Here, Dora is both composed and fractured: her face split into dual angles—profile and frontal—characteristic of Picasso’s late Cubist phase. But unlike earlier Cubist portraits that reveled in fragmentation, this work breathes with a more emotional restraint. Its flattened planes feel almost architectural, constructed from pastel blocks of lavender, sage, and crimson. Her beret and garment details are stylized into costume-like symbols of identity, perhaps referencing her Parisian surrealist roots.
The composition subtly frames her within a painted "window," suggesting not just containment, but introspection.
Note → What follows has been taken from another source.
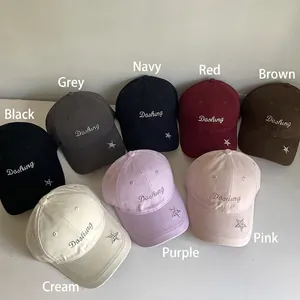Dashing star embroidered cotton baseball caps shown in eight assorted vibrant colors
This is Dora not as the anguished muse of later paintings, but as a poised, enigmatic presence—calm before the storm.
I’m drawn to how the painting balances opposites: softness and structure, calm and tension, intimacy and distance.
Artwork Details
Artist: Pablo Picasso
Title: Femme au béret bleu assise dans un fauteuil gris, manches rouges
Year: 1937
Medium: Oil on canvas
Dimensions: 100 × 80 cm (39 3/8 × 31 1/2 inches)
Muse: Dora Maar
Source: © 2025 Estate of Pablo Picasso / ARS, New York. Photo: Sandra Pointet
📍 Currently on view at Gagosian New York:
Picasso: Tête‑à‑tête (Apr 18 – Jul 3, 2025)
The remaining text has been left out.